There may be corrupt people in the UK but the Uk is not corrupt. Most white men in Nigeria have a skeleton in their cupboard but majority of white people are decent when compared to our people. I'm saying this based on years living in different countries.

BTW its "Tango" not "tangle". anyway not your fault, some black man embezzled the funds that were meant for giving you a good education.
Re: Ibori Hid Assets In Oando - British Prosecutor by BlackBaron: 7:58am On Sep 17, 2013
Looting in Nigeria's is akin to a synchronised network of pen robbers extending beyond tribes, party lines et al. (Meanwhile the stupidos eke out their futile tribalism here on NL day and night fighting for masters feeding them worse than crumbs from the table)

Jonathan's suspicious $8 million dollars asset declaration as Vice President (...even had the impunity to shun public declaration of his wealth as President)Tinunbu's meteorically found wealth to Ibori's largese.

Yet, some would come Nairaland and defend these bunch of charlatans and cradle robbers. On evaluation, it is quite clear most of y'all suffer from 'Stockholm Syndrome'

1 Like

Re: Ibori Hid Assets In Oando - British Prosecutor by djon78(m): 8:05am On Sep 17, 2013
jay bee: UK Newspaper Detail How Oando Made Its Whopping Quarterly N3.1 Billion Profit By Dodging Taxes

This week, Oando Plc, the so-called “highly successful” oil trading company owned by Governor Bola Tinubu's cousin, Wale Tinubu, declared a massive quarterly profit of N3.1billion, an “achievement” that was advertised in Nigerian newspapers. This would be a significant achievement for any company, except that the success of Oando hinges on a clever policy of dodging taxes.
In stories published by Private Eye, a United Kingdom newspaper, it has been explained how Oando is taking advantage of the Department for International Development, through its development fund CDC (formerly the Commonwealth Development Corporation).

The following, according to Private Eye, is how it is done:

Oando attracts foreign capital flow from an American private equity fund known as "Emerging Capital Partners" based in Washington DC, which in turn receives funds from the UK government through the CDC Group, Oando a privatized Nigerian oil company is known and called Oando plc. But to avoid paying taxes to the Nigerian government Oando carries out its investment partnerships through an offshore company known as "Ocean and Oil Mauritius", itself owned by a British Virgin Islands vehicle called "Ocean and Oil Holdings (BVI) Limited " whose well-connected investors bought their 34 percent stake in Oando from the Nigerian government in year 2000.
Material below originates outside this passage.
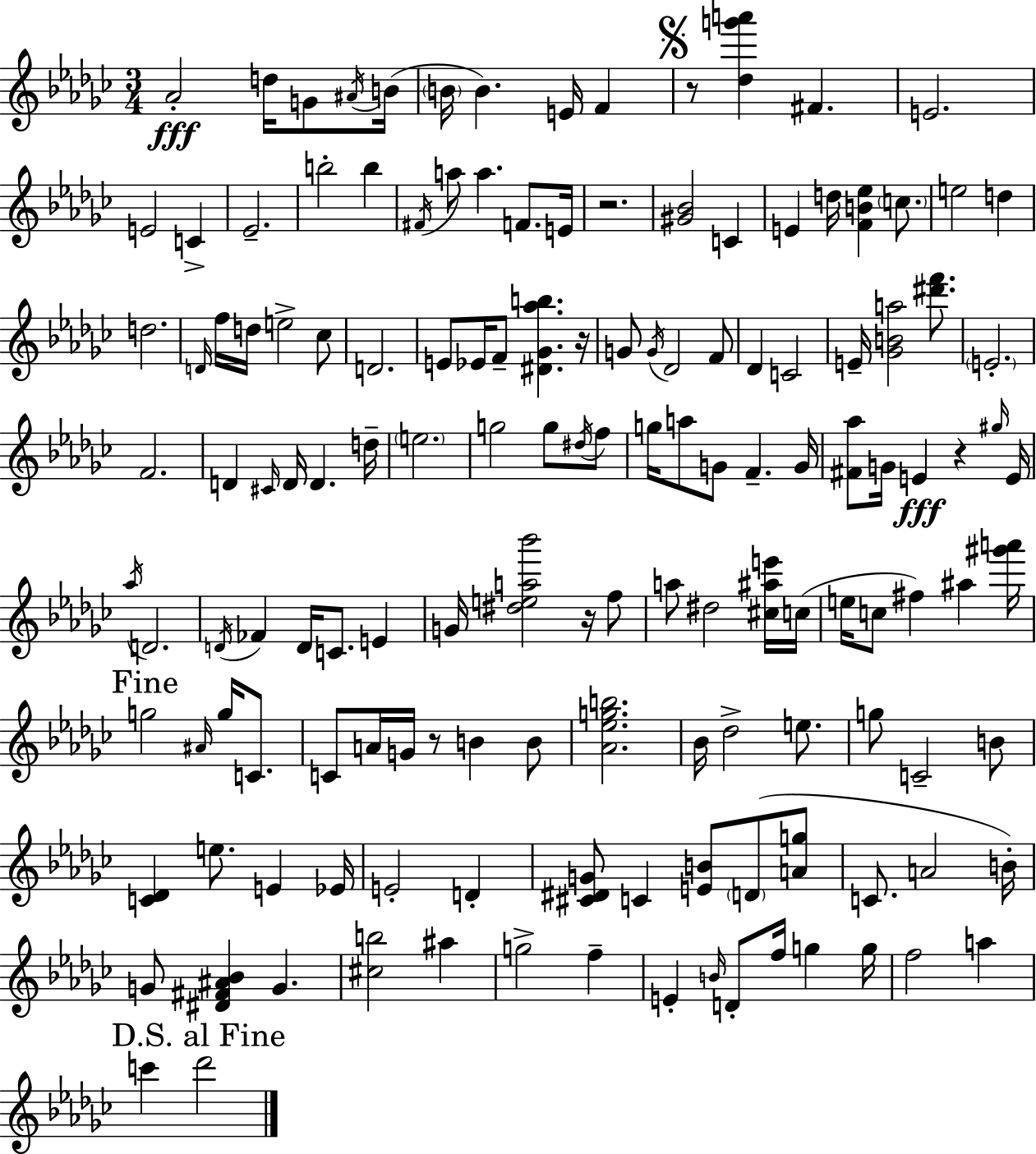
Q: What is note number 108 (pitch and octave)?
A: G4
It has been established from investigations carried out by the UK Metropolitan police that James Ibori and his schoolmate, Henry Imashekka, sent funds stolen from the sale of shares owned by the Delta State government to an offshore account, they later invested $10 million that were stolen in acquiring Notore Chemicals (formerly NAFCON).
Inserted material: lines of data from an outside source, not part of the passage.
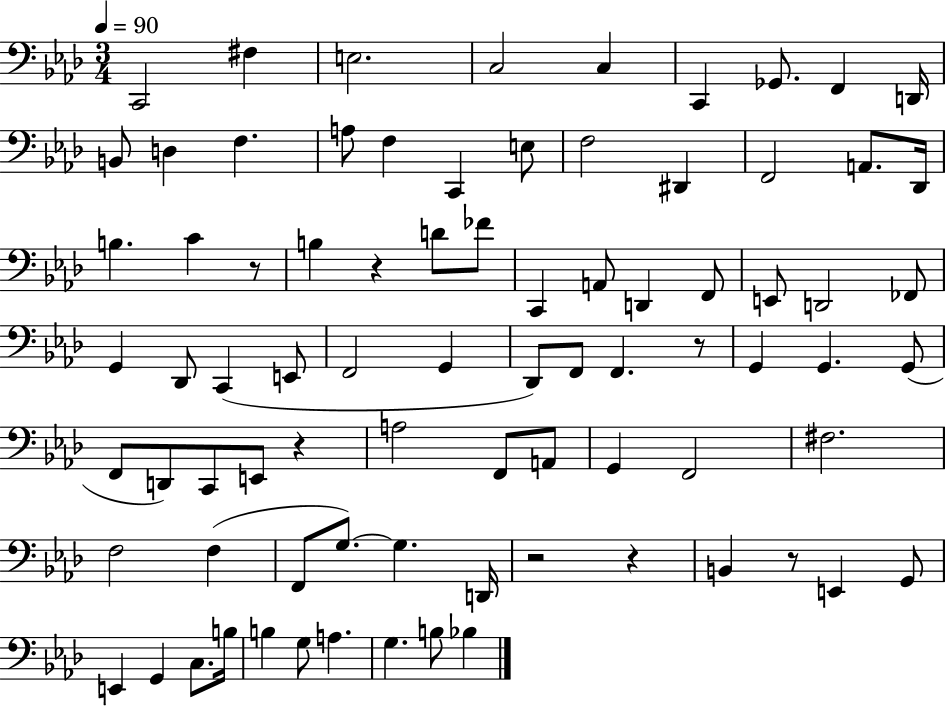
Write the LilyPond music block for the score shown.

{
  \clef bass
  \numericTimeSignature
  \time 3/4
  \key aes \major
  \tempo 4 = 90
  \repeat volta 2 { c,2 fis4 | e2. | c2 c4 | c,4 ges,8. f,4 d,16 | \break b,8 d4 f4. | a8 f4 c,4 e8 | f2 dis,4 | f,2 a,8. des,16 | \break b4. c'4 r8 | b4 r4 d'8 fes'8 | c,4 a,8 d,4 f,8 | e,8 d,2 fes,8 | \break g,4 des,8 c,4( e,8 | f,2 g,4 | des,8) f,8 f,4. r8 | g,4 g,4. g,8( | \break f,8 d,8) c,8 e,8 r4 | a2 f,8 a,8 | g,4 f,2 | fis2. | \break f2 f4( | f,8 g8.~~) g4. d,16 | r2 r4 | b,4 r8 e,4 g,8 | \break e,4 g,4 c8. b16 | b4 g8 a4. | g4. b8 bes4 | } \bar "|."
}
CDC and its privileged offshore co-investors in Oando earn “technical fees” of 5 percent of profits and “management fees” of 4 percent through a Nigerian company called Ocean and Oil Investments, giving them a significantly better return than standard Oando plc shareholders. In 2008, the last year for which figures are known, $8.5m was paid by Oando in this way, signed off by Oando’s auditor PricewaterhouseCoopers.

Of Oando’s $91m remaining profits after these fees have been creamed off, $21m was earned by a company called Oando Trading Ltd, which boasts of being “Africa’s largest independent and privately owned oil trading company”. Except it is registered in the not-so-African tax haven of Bermuda. Unsurprisingly, the UK Private Eye’s efforts to locate some actual oil trading by Oando in Bermuda were fruitless: the contact number in Hamilton turns out to be the firm’s old administrators, called Appleby, while its new ones, the Harbour Group, could not connect the Eye to anybody with anything to do with Oando.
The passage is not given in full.